_REQUIRED ACTION_:
Leaving the pictures aside, restate all of the data exactly.

── PROVIDED MATERIAL ──

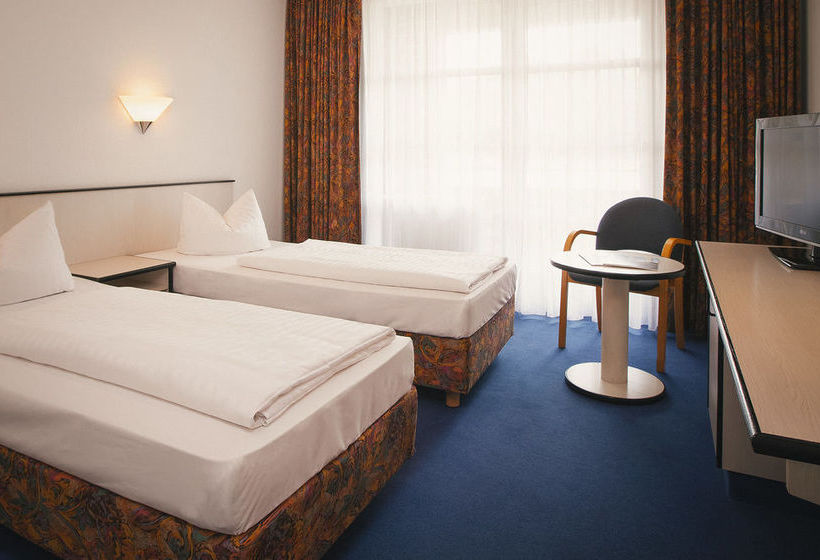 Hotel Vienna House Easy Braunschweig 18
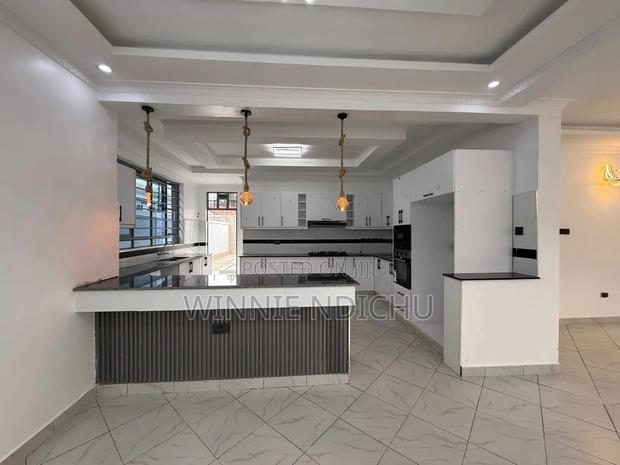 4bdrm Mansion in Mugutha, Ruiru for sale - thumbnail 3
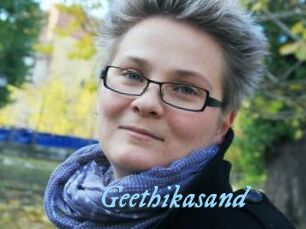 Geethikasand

───

_RESPONSE_:
 Hotel Vienna House Easy Braunschweig 18
 4bdrm Mansion in Mugutha, Ruiru for sale - thumbnail 3
 Geethikasand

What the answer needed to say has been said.